Quarante ans après les massacres de Sabra et Chatila, dans des camps de réfugiés palestiniens au Liban, la responsabilité d’Israël est de plus en plus avérée. Mais justice n’a jamais été rendue.
Le 16 septembre est l’occasion de souvenir d’un événement dramatique. Et plus particulièrement cette année. Car cela fait 40 ans jour pour jour qu’ont débuté les massacres de Sabra et Chatila. Des exactions qui ont perduré jusqu’au 18 septembre 1982.
Le bilan est terrible : 460 morts pour ce qui est des versions plus ou moins officielles. 3 500 selon d’autres sources — 800 selon l’armée israélienne. Un carnage qui a touché des Palestiniens, civils, mais surtout des femmes et des enfants.

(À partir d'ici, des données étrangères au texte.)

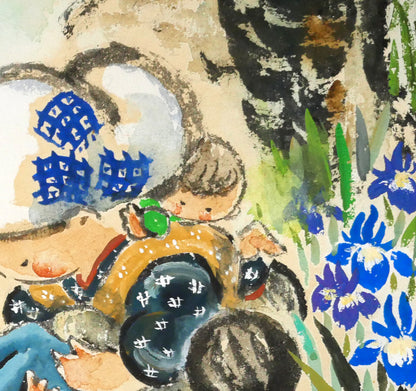 はらみちを「母さんはボクの河だ」水彩画・5号　拡大画像5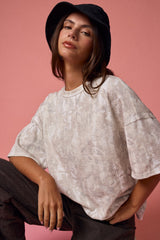 Faded Camo Print Ribbed Loose Fit Maternity Shirt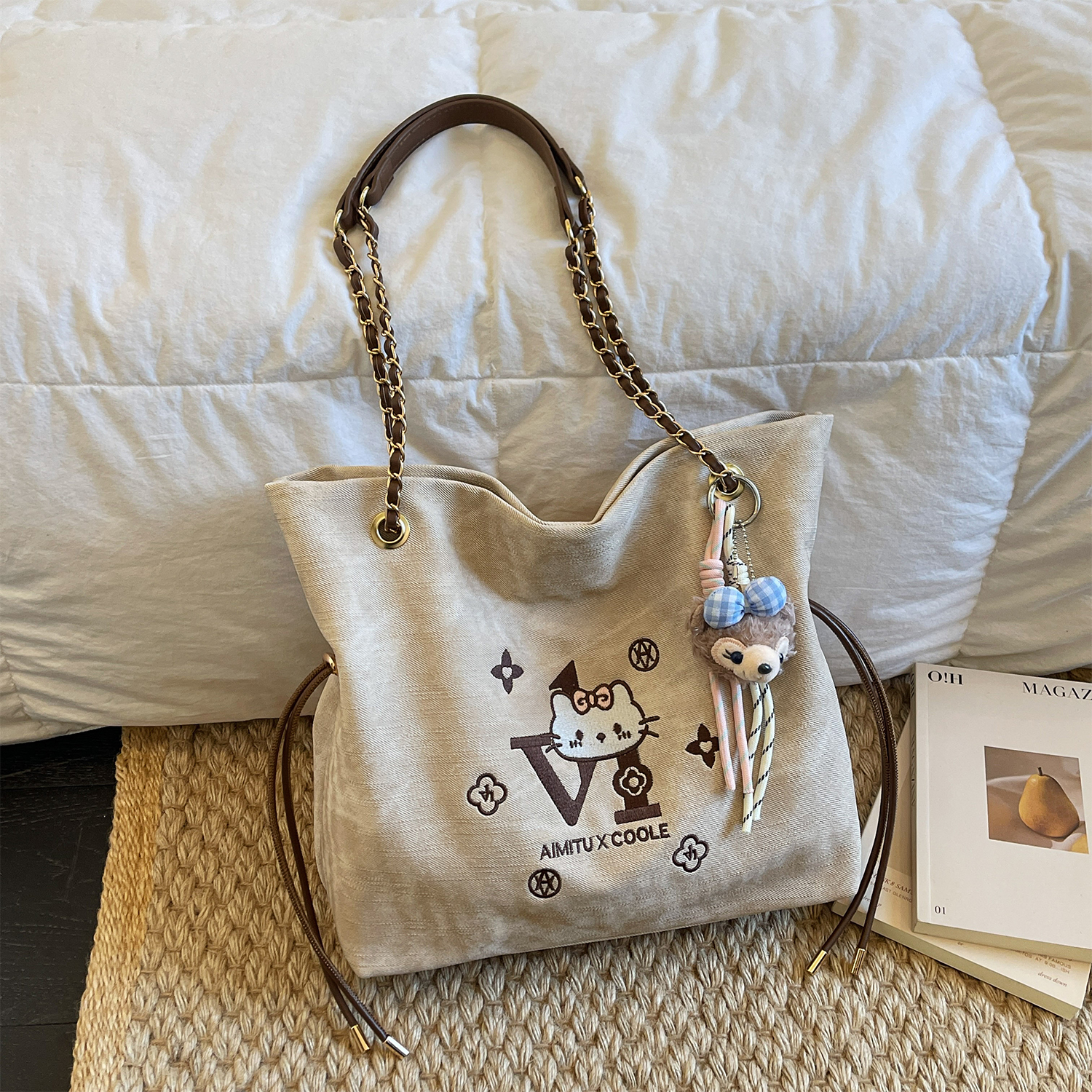 艾米兔女包2025新款简约日常通勤潮流大容量小众休闲单肩斜挎包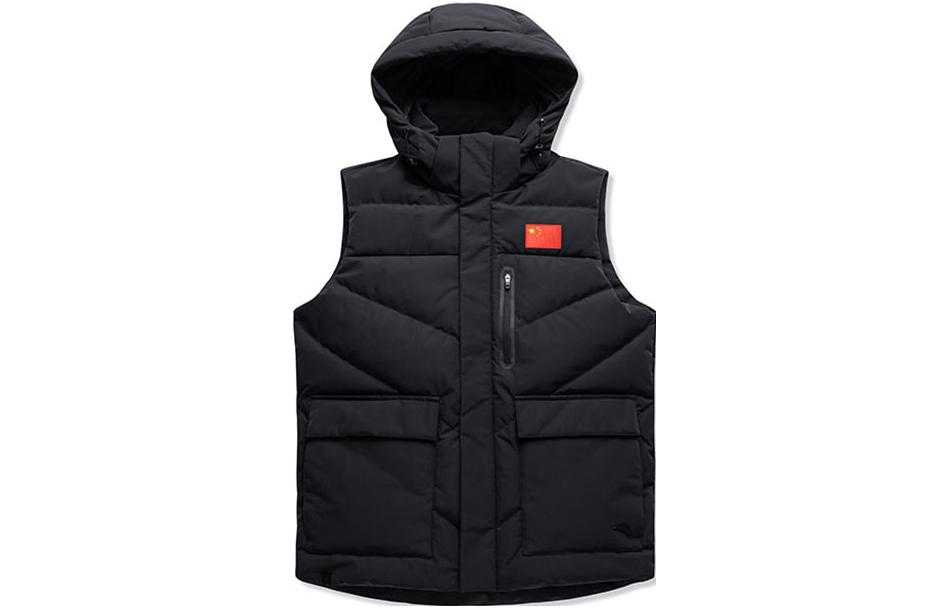 Anta Champion Sports Culture Series Printed Puffer Vest  Black. 152250905-3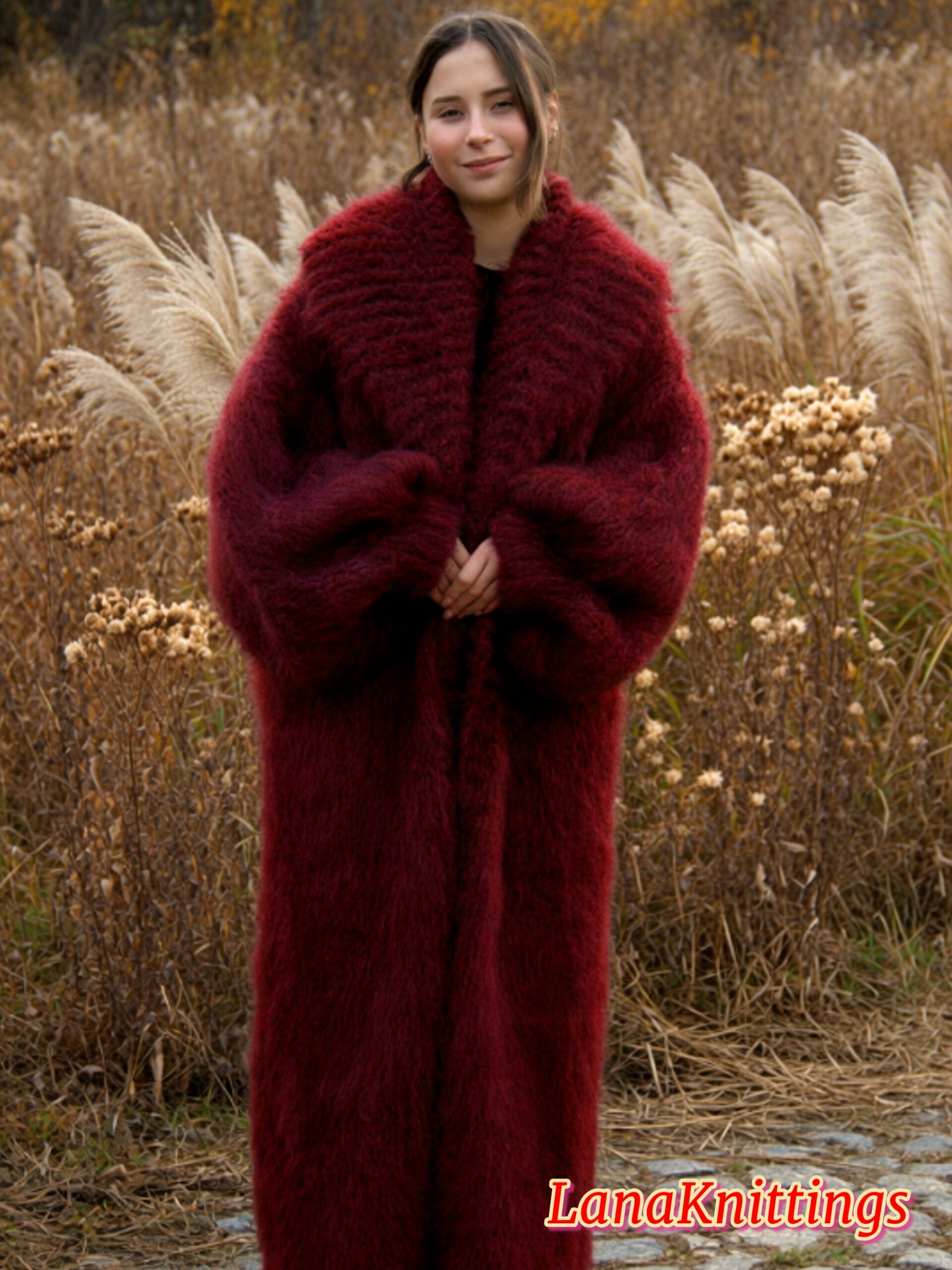 Mohair Long Coat Dark Red Thick Mohair Shawl Neck HandKnitted - Image 6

Les camps de Sabra et de Chatila, au Liban, accueillent des réfugiés palestiniens. Dans ces camps du sud de Beyrouth, des derniers combattants de l’Organisation de libération de la Palestine (OLP) et des soldats d’une force multinationale, composée d’Américains, de Français et d’Italiens, veillaient sur les réfugiés. Après leur départ, on retrouve des cadavres d’enfants, de femmes et d’hommes.
Mutilations et actes de torture
Mais les massacres des camps de Sabra et de Chatila ne sont pas de « simples » tueries : les cadavres sont retrouvés avec poings et chevilles liés. Selon plusieurs témoignages, les réfugiés ont été surpris dans leur sommeil et plusieurs corps sont retrouvés vêtus d’un pyjama. Des actes de torture ont eu lieu, des mutilations…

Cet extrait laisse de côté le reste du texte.